Женева не преуспела в литературе. Тревожная цензура печати подавляла литературные амбиции и оригинальность. Драма была объявлена вне закона как рассадник скандала. Когда в 1755 году Вольтер впервые поставил пьесу «Заира» в гостиной в Ле Делис, духовенство роптало, но терпело это преступление как частный каприз знатного гостя. Однако когда Вольтер организовал труппу актеров из числа женевской молодежи и затеял серию драматических представлений, консистория (31 июля 1755 года) призвала Великий консисторий привести в исполнение «декреты 1732 и 1739 годов, запрещающие любые представления пьес, как публичные, так и частные», а пасторам запретить своим прихожанам «играть роли в трагедиях в доме сеньора де Вольтера». Вольтер раскаялся, но ставил спектакли в своем зимнем доме в Лозанне. Вероятно, по его предложению д'Алемберт включил в вышеупомянутую статью о Женеве просьбу об отмене запрета:
Это происходит не потому, что Женева не одобряет драмы [зрелища] сами по себе, а потому, что, по их словам, она опасается пристрастия к нарядам, распутству и распущенности, которые театральные труппы распространяют среди молодежи. Однако разве нельзя было бы устранить эти недостатки с помощью суровых и хорошо исполняемых законов?…Литература развивалась бы без роста безнравственности, а Женева объединила бы мудрость Спарты с культурой Афин».

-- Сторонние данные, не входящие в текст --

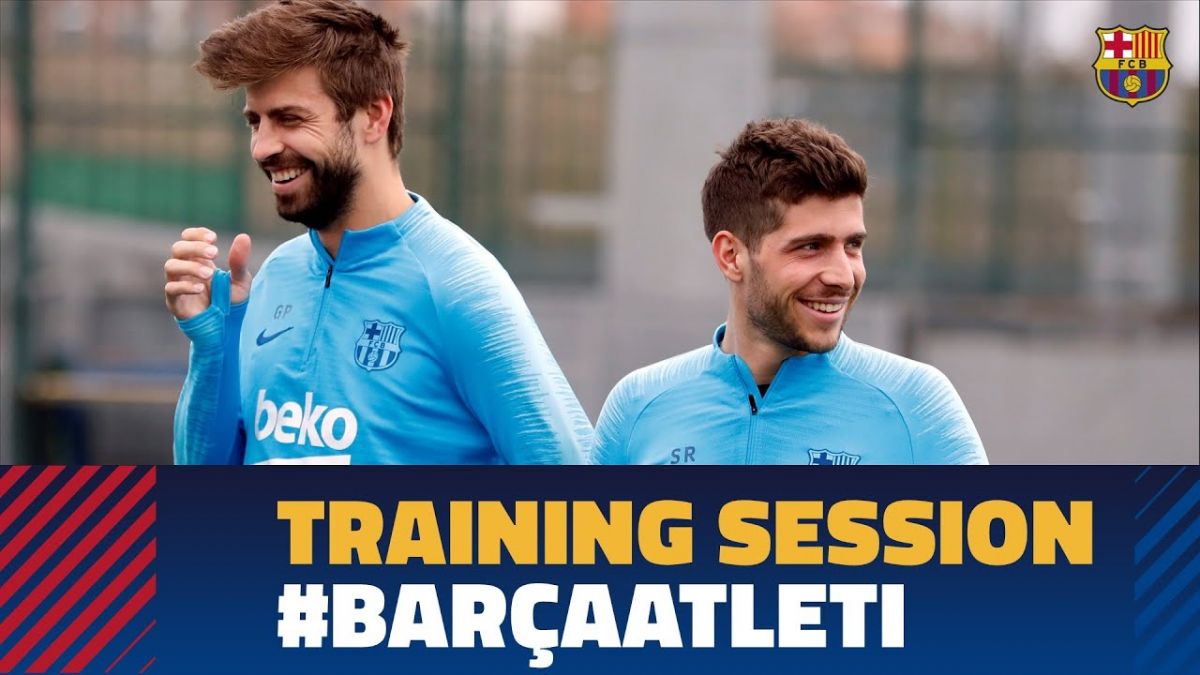 آخرین تمرین بارسلونا برای تقابل با اتلتیکو مادرید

Консистория не дала ответа на это обращение, но Жан Жак Руссо (как мы увидим) ответил на него в знаменитом «Письме к М. д'Алемберу о зрелищах» (1758). После покупки сеньории Ферней Вольтер обошел запрет, построив театр в Шателене, на французской земле, но недалеко от границы с Женевой. Там он ставил пьесы и привлек к открытию ведущего парижского актера Анри Луи Лекайна. Женевские пасторы запретили посещать спектакли, но они пользовались такой популярностью, что в тех случаях, когда должен был появиться Лекайн, яма заполнялась за несколько часов до начала программы. Старый вояка наконец-то выиграл свою кампанию; в 1766 году Большой консилиум отменил женевский запрет на спектакли.